►
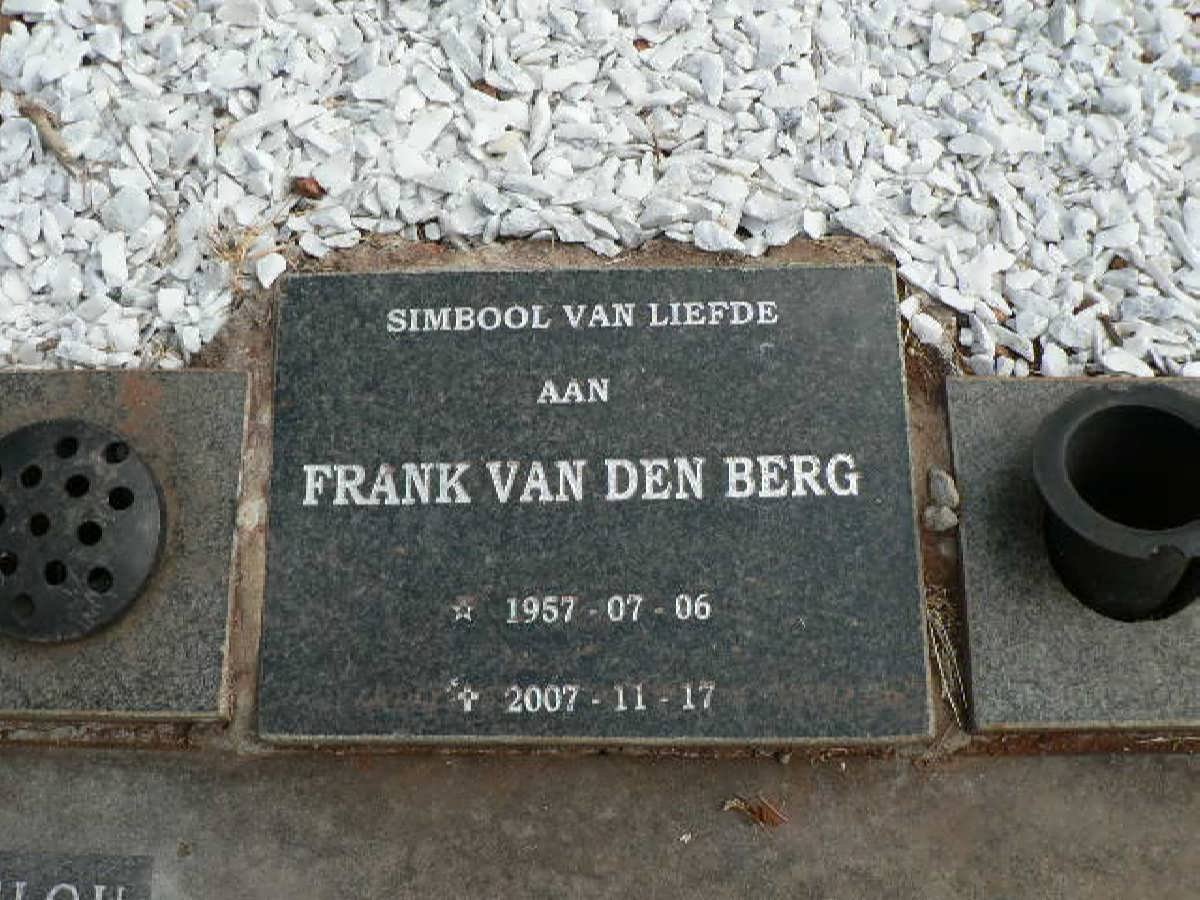 BERG Frank van der 1957-2007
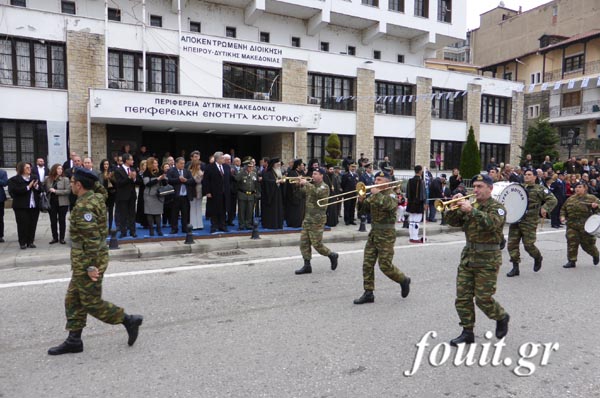 Η στρατιωτική παρέλαση της 102ης επετείου απελευθέρωσης της Καστοριάς (φωτογραφίες – βίντεο) - Φωτογραφία 3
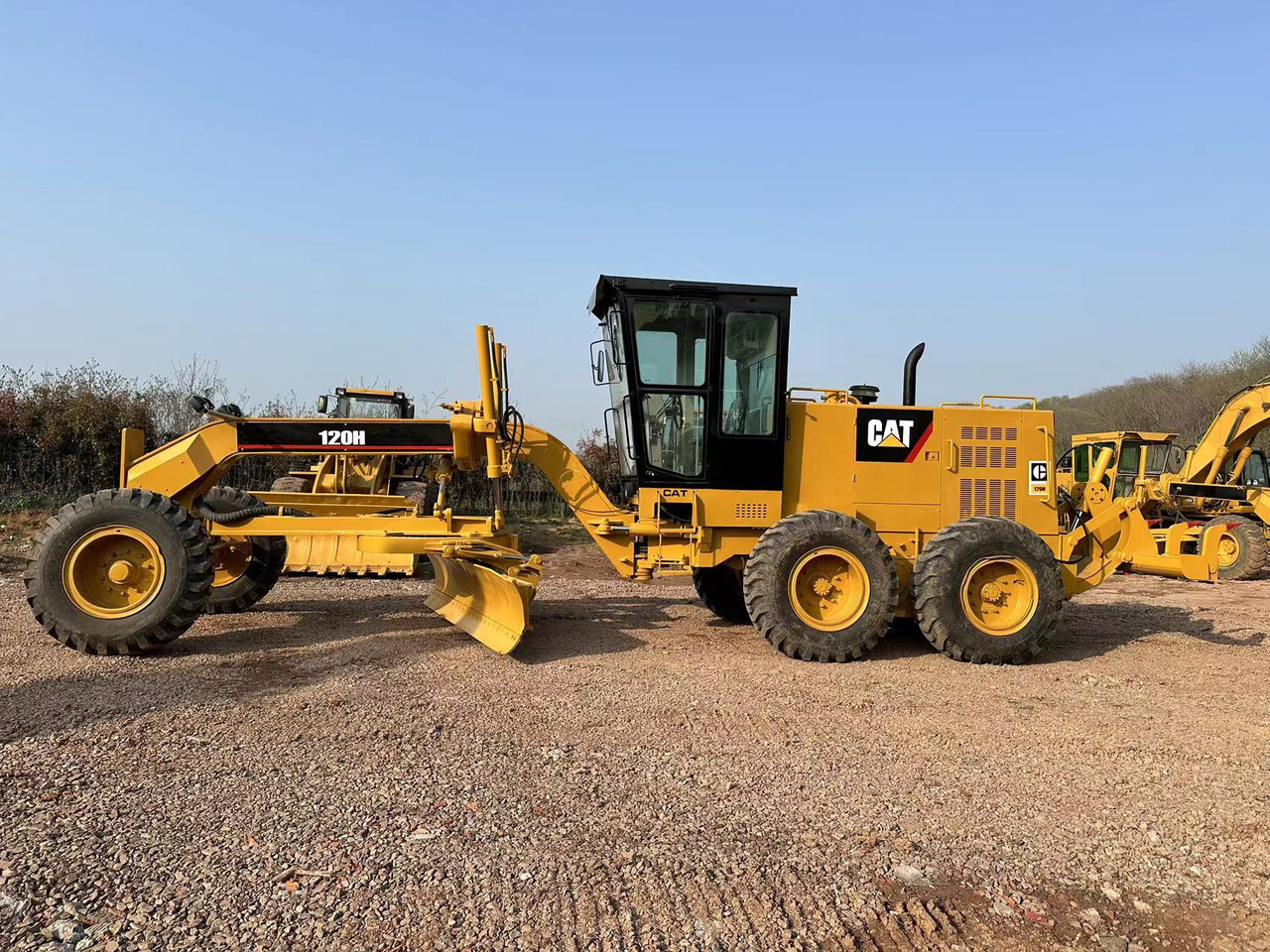 CATERPILLAR 120H motor grader - מפלסת: תמונה 1 CATERPILLAR 120H motor grader - מפלסת: תמונה 1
◄
Problem description ▸
Repeat the listing exactly; do not print any picture.

Exercise response ▸
 BERG Frank van der 1957-2007
 Η στρατιωτική παρέλαση της 102ης επετείου απελευθέρωσης της Καστοριάς (φωτογραφίες – βίντεο) - Φωτογραφία 3
 CATERPILLAR 120H motor grader - מפלסת: תמונה 1 CATERPILLAR 120H motor grader - מפלסת: תמונה 1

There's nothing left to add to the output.